こんにちは。スキマバイト募集サービス「タイミー」ライターチームです。

企業にとって、辞令は人事権を行使する重要な手段です。辞令が発令されるタイミングには、人事のトラブルもおきやすいので、的確に手順を踏む必要があります。必要な人材の退職や裁判など、辞令をめぐるトラブルを防ぐには、どうしたらいいのでしょうか?辞令を基本から理解しましょう。

目次[非表示]

  1. 1.辞令とは
    1. 1.1.辞令と「内示」「発令」の違い
    2. 1.2.辞令はどのタイミングで出すもの?
  2. 2.辞令と従業員個人のキャリアの関係
  3. 3.辞令の種類
    1. 3.1.採用辞令
    2. 3.2.退職辞令
    3. 3.3.その他の辞令(異動・転勤・出向など)
  4. 4.辞令の基本的なルール|従業員は拒否できる?
    1. 4.1.法的な効力・拘束力はない
    2. 4.2.原則従業員は辞令に従う必要がある
    3. 4.3.従業員が辞令を拒否できるケース
  5. 5.従業員に辞令を出す流れ
    1. 5.1.1.内示
    2. 5.2.2.発令
    3. 5.3.3.交付・社内掲示
  6. 6.【テンプレート付き】辞令に記載すべき内容
  7. 7.辞令に関するトラブル事例
    1. 7.1.①東亜ペイント事件
    2. 7.2.②北海道コカ・コーラボトリング事件
    3. 7.3.③新日本製鐵事件
    4. 7.4.④ネスレ日本事件
    5. 7.5.⑤日本ステンレス事件
  8. 8.辞令によるトラブル内容ごとの対処法
    1. 8.1.①辞令交付の理由を明確に説明する
    2. 8.2.②給与や手当を見直す
    3. 8.3.③従業員が辞令に従わない場合は懲戒処分を視野に入れる
  9. 9.まとめ

辞令とは

辞令は、従業員の人事に関する決定事項を企業が通知するための文書です。従業員の勤務地や職位、給与などを変更する通知として出され、具体的には転勤や昇進、異動などの際に発令されます。
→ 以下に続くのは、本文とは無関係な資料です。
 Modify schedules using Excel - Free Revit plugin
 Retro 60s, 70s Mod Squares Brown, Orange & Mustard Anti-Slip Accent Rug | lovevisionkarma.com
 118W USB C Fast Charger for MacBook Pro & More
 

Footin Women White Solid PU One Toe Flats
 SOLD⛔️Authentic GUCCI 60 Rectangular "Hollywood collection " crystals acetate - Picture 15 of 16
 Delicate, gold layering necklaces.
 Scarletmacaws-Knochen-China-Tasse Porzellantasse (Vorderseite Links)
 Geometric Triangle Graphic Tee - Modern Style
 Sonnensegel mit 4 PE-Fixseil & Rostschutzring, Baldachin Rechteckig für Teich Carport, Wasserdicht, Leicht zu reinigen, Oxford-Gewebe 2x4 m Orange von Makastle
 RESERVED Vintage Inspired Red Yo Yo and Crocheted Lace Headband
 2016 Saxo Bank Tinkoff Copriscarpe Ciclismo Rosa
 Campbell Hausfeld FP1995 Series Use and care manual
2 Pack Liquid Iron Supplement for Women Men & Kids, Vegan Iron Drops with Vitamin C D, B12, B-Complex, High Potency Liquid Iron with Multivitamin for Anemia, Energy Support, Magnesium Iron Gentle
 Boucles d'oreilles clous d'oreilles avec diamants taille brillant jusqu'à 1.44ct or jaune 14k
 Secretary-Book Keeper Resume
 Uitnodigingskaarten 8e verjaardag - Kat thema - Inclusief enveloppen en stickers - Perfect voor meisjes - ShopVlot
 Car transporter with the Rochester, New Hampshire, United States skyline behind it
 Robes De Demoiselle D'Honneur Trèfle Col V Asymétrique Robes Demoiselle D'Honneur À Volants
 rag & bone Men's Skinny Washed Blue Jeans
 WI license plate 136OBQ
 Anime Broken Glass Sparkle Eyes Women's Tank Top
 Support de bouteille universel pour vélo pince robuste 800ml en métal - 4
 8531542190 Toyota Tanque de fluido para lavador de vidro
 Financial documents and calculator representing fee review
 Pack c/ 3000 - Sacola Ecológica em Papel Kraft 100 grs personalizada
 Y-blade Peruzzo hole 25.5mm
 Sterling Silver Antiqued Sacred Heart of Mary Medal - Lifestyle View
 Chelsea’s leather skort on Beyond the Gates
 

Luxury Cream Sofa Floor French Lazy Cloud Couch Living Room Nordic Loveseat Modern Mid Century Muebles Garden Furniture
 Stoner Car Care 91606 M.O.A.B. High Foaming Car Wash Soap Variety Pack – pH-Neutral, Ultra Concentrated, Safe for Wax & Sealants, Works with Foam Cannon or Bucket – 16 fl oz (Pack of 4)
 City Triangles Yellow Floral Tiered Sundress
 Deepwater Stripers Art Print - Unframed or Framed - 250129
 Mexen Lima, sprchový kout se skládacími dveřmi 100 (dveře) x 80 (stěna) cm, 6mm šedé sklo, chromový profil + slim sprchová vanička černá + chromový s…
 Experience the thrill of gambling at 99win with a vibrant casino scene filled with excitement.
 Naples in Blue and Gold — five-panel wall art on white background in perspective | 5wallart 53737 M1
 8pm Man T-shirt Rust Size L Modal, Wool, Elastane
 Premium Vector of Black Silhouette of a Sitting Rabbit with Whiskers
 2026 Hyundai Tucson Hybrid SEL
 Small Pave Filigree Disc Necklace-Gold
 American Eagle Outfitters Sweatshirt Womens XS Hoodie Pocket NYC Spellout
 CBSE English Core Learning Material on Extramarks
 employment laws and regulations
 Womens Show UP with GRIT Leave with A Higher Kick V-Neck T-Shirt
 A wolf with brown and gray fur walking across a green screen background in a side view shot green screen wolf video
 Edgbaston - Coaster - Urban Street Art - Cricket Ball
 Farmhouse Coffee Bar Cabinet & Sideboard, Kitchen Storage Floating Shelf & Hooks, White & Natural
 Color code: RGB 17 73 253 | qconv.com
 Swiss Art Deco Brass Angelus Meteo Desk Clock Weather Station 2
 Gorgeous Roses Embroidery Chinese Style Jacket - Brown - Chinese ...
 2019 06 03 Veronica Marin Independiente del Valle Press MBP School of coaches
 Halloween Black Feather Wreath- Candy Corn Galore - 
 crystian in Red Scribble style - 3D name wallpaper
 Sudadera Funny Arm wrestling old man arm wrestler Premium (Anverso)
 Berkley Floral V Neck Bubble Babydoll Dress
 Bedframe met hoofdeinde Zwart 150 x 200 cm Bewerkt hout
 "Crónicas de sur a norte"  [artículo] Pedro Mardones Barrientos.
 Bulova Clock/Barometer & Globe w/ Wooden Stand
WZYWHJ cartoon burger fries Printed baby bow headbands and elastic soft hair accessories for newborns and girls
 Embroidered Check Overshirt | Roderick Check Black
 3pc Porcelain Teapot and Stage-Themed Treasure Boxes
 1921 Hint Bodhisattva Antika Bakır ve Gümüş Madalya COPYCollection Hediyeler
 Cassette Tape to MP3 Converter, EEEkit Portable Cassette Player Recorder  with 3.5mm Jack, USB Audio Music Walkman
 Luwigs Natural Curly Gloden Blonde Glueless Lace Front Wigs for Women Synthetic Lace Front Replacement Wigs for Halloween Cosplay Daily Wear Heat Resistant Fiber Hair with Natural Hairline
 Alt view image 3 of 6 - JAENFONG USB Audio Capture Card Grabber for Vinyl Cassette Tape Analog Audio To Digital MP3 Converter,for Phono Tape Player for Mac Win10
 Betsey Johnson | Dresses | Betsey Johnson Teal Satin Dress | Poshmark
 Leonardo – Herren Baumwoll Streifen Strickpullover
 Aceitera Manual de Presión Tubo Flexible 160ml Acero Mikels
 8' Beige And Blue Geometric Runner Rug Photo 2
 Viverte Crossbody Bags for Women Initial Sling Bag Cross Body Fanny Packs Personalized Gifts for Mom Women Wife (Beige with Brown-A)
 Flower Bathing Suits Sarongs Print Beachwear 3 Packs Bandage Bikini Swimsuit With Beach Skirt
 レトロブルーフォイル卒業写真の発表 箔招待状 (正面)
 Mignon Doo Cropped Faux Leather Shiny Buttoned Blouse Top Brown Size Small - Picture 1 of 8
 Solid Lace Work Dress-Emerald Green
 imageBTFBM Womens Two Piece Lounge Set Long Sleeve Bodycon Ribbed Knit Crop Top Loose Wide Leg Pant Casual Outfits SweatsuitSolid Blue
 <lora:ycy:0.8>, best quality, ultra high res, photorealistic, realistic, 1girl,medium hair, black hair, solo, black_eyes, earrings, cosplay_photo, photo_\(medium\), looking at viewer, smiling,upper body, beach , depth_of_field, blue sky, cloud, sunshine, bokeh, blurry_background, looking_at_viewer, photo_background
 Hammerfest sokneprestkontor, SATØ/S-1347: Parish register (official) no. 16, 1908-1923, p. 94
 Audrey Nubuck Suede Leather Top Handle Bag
企業には、経済活動を維持・発展するため必要な従業員の採用、配置転換などの人事異動に関する人事権があるとされています。しかし、労働契約の変更に関わるため、労働者の同意が必要とされ一方的に労働契約を変更できません。

従業員は原則として辞令を拒否することはできませんが、正当な理由があったり法令や労働契約から大きく逸脱したりする場合には、拒否も可能です。ただし、正当な理由なく辞令を拒否し続けると、懲戒処分の対象になる可能性もあります。

辞令と「内示」「発令」の違い

辞令と「内示」「発令」は、辞令に関する言葉ですが、それぞれ意味が違います。

内示は、辞令が出される前に対象となる従業員や直属の上司に、その内容を内々に知らせることです。内示を受けた当事者は異動に備えられます。ただし、この段階で知らされる内容は、正式な決定ではありません。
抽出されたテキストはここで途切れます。